In 1983’s “Natural Philosophy and Public Spectacle in the Eighteenth Century,” Simon Schaffer set himself the task of determining whether “some of the more fashionable themes in current historiography” could be made to yield real explanatory gains.  Among these themes was “the notion of scientific production as performance”.  The gist of that piece was that natural philosophical arguments, as illustrated through public demonstration, had trouble fostering social agreement because of the requirement that the audience be able to interpret the performance and its implications correctly.  Here was a tension that, especially when connected to the social and political dangers of rationalist Jacobin politics, could help explain the nineteenth-century rise of contained scientific communities.

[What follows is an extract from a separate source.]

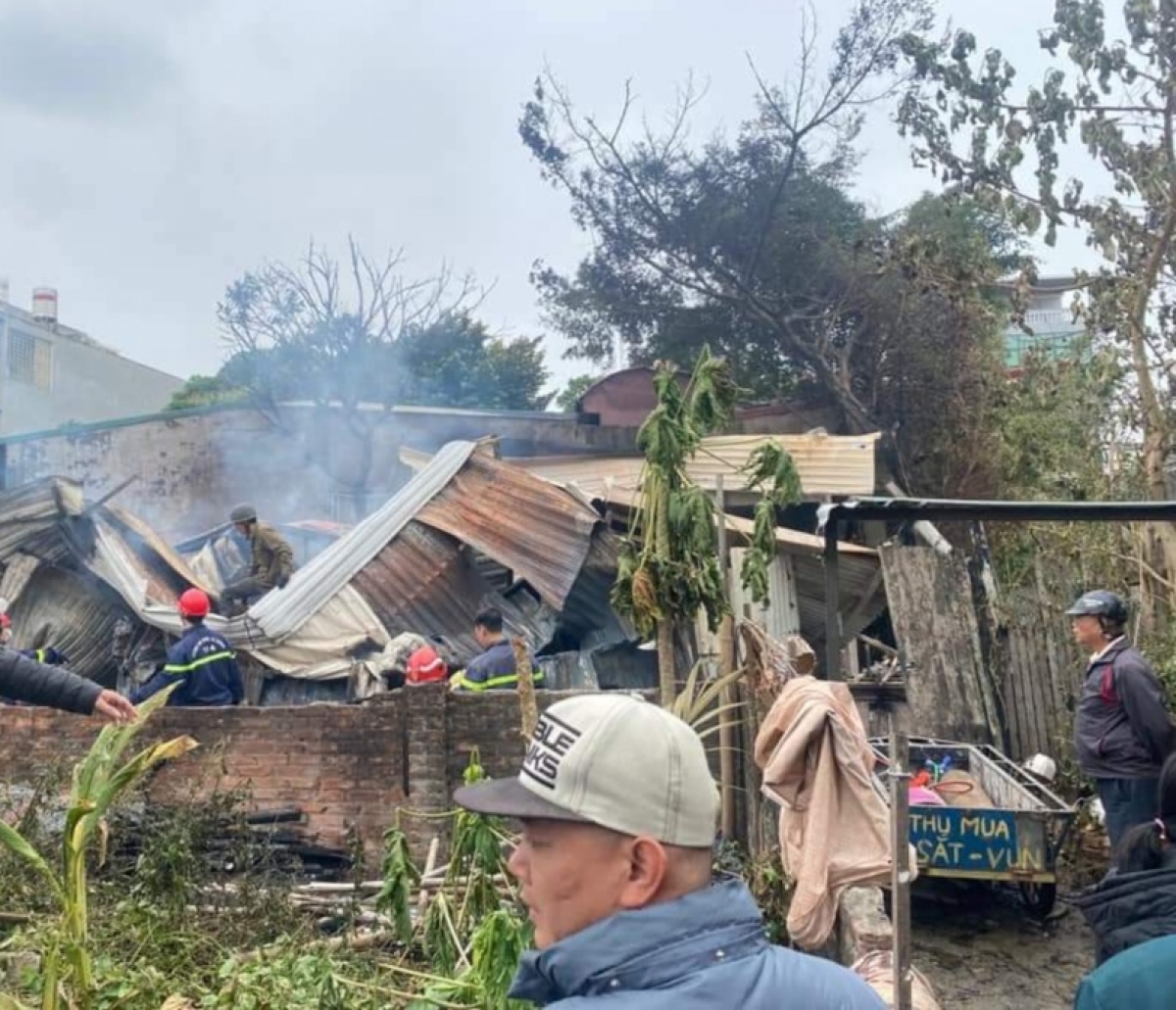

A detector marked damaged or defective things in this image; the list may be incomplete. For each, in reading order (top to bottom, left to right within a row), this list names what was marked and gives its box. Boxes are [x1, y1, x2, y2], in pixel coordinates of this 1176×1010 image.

rusty metal sheet [414, 451, 602, 606]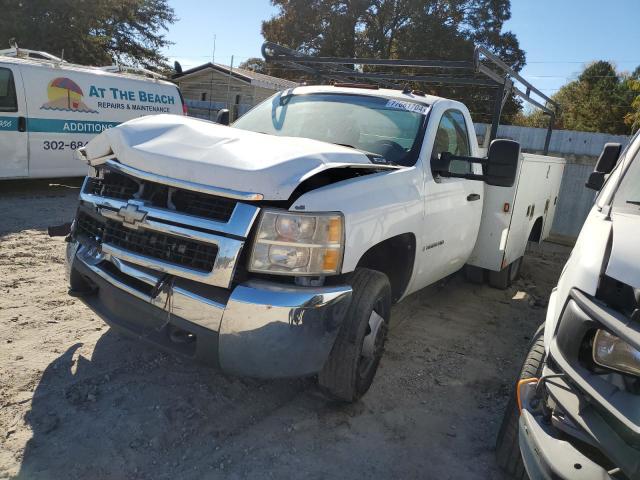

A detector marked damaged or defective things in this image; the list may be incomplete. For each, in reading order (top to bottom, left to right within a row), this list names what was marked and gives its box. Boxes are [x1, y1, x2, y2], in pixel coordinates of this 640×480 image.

Much of Schaffer’s output in the 1980s and early 1990s filled out various instances where natural knowledge was linked to problems of maintaining proper behavior, and, thus, political order.  He especially concentrated on the cases of pneumatics (and the related practice of eudiometry), and cometography.  He also highlighted pointed criticisms of the idea that experimentally-gained knowledge could solve problems of social order, particularly those of Hobbes, Burke, and Whewell.

“Self Evidence,” Critical Inquiry 18 (1992): 327-362 returns us to 1983’s general point—the problematic relationship between experimental evidence and its implications for knowledge—and returns to some of the same electrical experimenters.  There is however a new wrinkle: the emphasis now is on self-experimentation and the difficulties of evidence produced specifically through the experimenter’s body.  How could a savant or an audience trust in reports of the medical benefits of electrical therapy, for example?  Accordingly, Schaffer does not point to the rise of the contained community.  Instead the consequence of the identified tension is the rise of mechanical instrumentation designed to measure physiological effects.  “The lesson of the story of self-evidence may … be that there is an intimate relationship between the trust placed in evidence of self-registering scientific instrumentation and the moral authority of the scientific intellectual” (362). (more…)

Leftovers: Practical Strategy as Fractional Philosophy September 16, 2009

Posted by Will Thomas in History as Anti-Philosophy.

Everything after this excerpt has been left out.